Parmi quelques notes spéciales d'avertissement que notre Leader fait entendre dans ce sens, le Scientiste Chrétien désintéressé accepte avec empressement celles qu'on trouve à la page 156 de Miscellaneous Writings, où elle dit: “Je ne voyais aucun avantage, je voyais au contraire un grand désavantage, à ce que les opinions ou le modus operandi d'un seul étudiant devienne un fondement pour les autres;” et elle ajoute: “Le fait de s'assembler et de s'écouter les uns les autres, que ce soit d'une façon amicale ou querelleuse, n'est d'aucune utilité aux étudiants pour l'acquistion d'une solide Science Chrétienne.” Et ceux qui cherchent leur bien dans celui de leur frère ne violeront jamais le domaine de ce frère. Ils se hâteront plutôt de suivre les injonctions de Mrs. Eddy (ib., pages 302 et 303): “Je recommande aux étudiants de rester dans leur propre champ de labeur afin de travailler pour la race humaine; ils sont des lumières qui ne sauraient être cachées, et il suffit qu'elles luisent du sommet de leurs foyers pour qu'on les recherche et les trouve en qualité de guérisseurs pour le physique et pour le moral.”
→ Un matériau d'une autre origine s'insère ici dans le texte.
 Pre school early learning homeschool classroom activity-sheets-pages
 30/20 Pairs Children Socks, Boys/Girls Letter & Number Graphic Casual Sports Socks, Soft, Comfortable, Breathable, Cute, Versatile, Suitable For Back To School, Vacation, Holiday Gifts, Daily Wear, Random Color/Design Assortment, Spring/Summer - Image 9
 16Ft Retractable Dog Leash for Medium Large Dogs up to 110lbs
Chercher le bien de notre prochain comme la Science Chrétienne nous montre à le faire, c'est par conséquent, avoir aussi ce désintéressement absolu qui ne contrecarre jamais le privilège indépendant qu'a notre frère d'étudier nos livres de texte et d'y obéir sous la direction immédiate et individuelle de l'Entendement divin. Avec cet affranchissement de la fausse responsabilité concernant la pratique de la Science Chrétienne exercée par d'autres,— affranchissement acquis grâce au désir désintéressé de confier notre prochain à Dieu, nous nous sommes non seulement réveillés pour voir le merveilleux fait que nous pourrons désormais être sûrs que notre prochain ne pourra jamais “nous tromper,” mais nous aurons aussi acquis l'heureuse certitude,— heureuse, parce qu'elle est extrêmement satisfaisante,— que nous ne serons plus jamais tentés de “tromper notre prochain.” Nous aurons aussi vu qu'en cherchant le bien de notre prochain notre propre bien aura été parfaitement et complètement établi, car nous aurons vraiment prouvé que notre amour est la véritable réflexion de l'Amour qui est Dieu.